I could never ever roll my Rs.  I'd been trying since Spanish class in elementary school.  And then magically last year, I could.  I can't tell what I started doing differently. 
  So in summary...Rs are magic.

----------


## DDT

I thought everyone could roll their tongue. Don't all kids run around their neighbourhoods making shrill rolled tongue noises? Sheeze! OK, stick your tongue to the roof of your mouth just about where your teeth and palate meet and try to say the letter "D" or "duh" . You will have to force air from you diaphram fairly hard at first to get the tongue to begin rolling. You want to try to obtain a continuous roll like a machine gun. Once you get it, keep doing it. I mean a lot. Wake your significant other up in the morning with a shrill rolled tongue noise really loud in the ear. But make sure your are wearing protective gear first. This is important!
In no time at all it will have  become second nature to you and you will be able to sound like a pompus ass at the drop of a hat.

----------


## Nathan

When I do that I get a buzz.  I feel my tongue flapping ever so slightly, but I think I'm doing it totally wrong because to get even the buzz flap I have to vary the force of my exhalation.  I've read that when rolling Rs the exhalation force should be constant.  Is this your experience?

----------


## DDT

> When I do that I get a buzz.

 Do you get the munchies too?  ::   
Seriously, try moving your tongue further back. The air flow should be constant.

----------


## VendingMachine

The irony is that we don't actually roll our R's in Russian. The Russian R is actually a tap, not a roll and is therefore almost identical with the 't' in 'Betty' and 'matter' in some varieties of English.   

> You will have to force air from you diaphram fairly hard at first to get the tongue to begin rolling.

 Forcing air from the diaphragm? Give me a break! You hardly exhale at all when saying the Russian R. Looks like you're doing something wrong.

----------


## DDT

Yes that is true. This is just a training exercise.

----------


## Pioner

No, that is not true.  
I speak Russian. I cannot prononce Russian "R". Nothing worked on me, my "R" is still very soft.  
No diagrams, no teachers were able to teach me.   ::

----------


## VendingMachine

> No, that is not true.  
> I speak Russian. I cannot prononce Russian "R". Nothing worked on me, my "R" is still very soft.  
> No diagrams, no teachers were able to teach me.

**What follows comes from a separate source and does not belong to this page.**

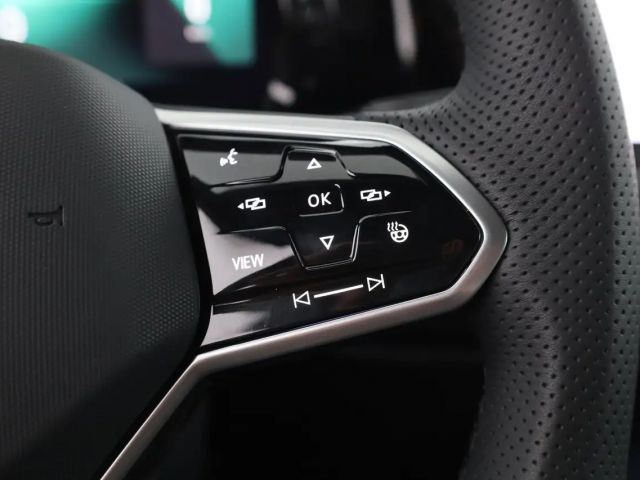 Volkswagen Golf DSG R-Line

 You mean you speak with a burr. Just like Mr Lenin.

----------


## translationsnmru

I have problems with Russian "эр" too. Tried doing the drills and stuff, but I guess I was just too lazy to follow them through.

----------


## Nathan

Ok, how exactly does one breathe 'through the diaphram'?  How is this different from normal breathing. 
Also, what drills?

----------


## DDT

> Ok, how exactly does one breathe 'through the diaphram'?  How is this different from normal breathing. 
> Also, what drills?

 All you really need to do is contract the muscles in your abdomen while attempting to make the sound. It is not like you are blowing or anything. There will not be much actual movment of air. VM is right about that.

----------


## adoc

When I was a child, I could not pronounce RRRRR, and my parents took me to a speech doctor. And this is what as far as I can remember he suggested me to do, and it did work:   

> OK, stick your tongue to the roof of your mouth just about where your teeth and palate meet and try to say the letter "D" or "duh" . You will have to force air from you diaphram fairly hard at first to get the tongue to begin rolling. You want to try to obtain a continuous roll like a machine gun.

 D-D-D-D-D-RRRRRRRR

----------


## dariushka

> No, that is not true.  
> I speak Russian. I cannot prononce Russian "R". Nothing worked on me, my "R" is still very soft.  
> No diagrams, no teachers were able to teach me.

 Well did you try to just say it over and over and over again... without people.....It worked for me when i was little. I couldn't say the Russian "R" and my parents took me to the doctor and I still couldn't do it, and then one day i decided to try it again and i said it over and over again for like an hour and it worked.

----------


## Pioner

> Originally Posted by Pioner  No, that is not true.  
> I speak Russian. I cannot prononce Russian "R". Nothing worked on me, my "R" is still very soft.  
> No diagrams, no teachers were able to teach me.     Well did you try to just say it over and over and over again... without people.....It worked for me when i was little. I couldn't say the Russian "R" and my parents took me to the doctor and I still couldn't do it, and then one day i decided to try it again and i said it over and over again for like an hour and it worked.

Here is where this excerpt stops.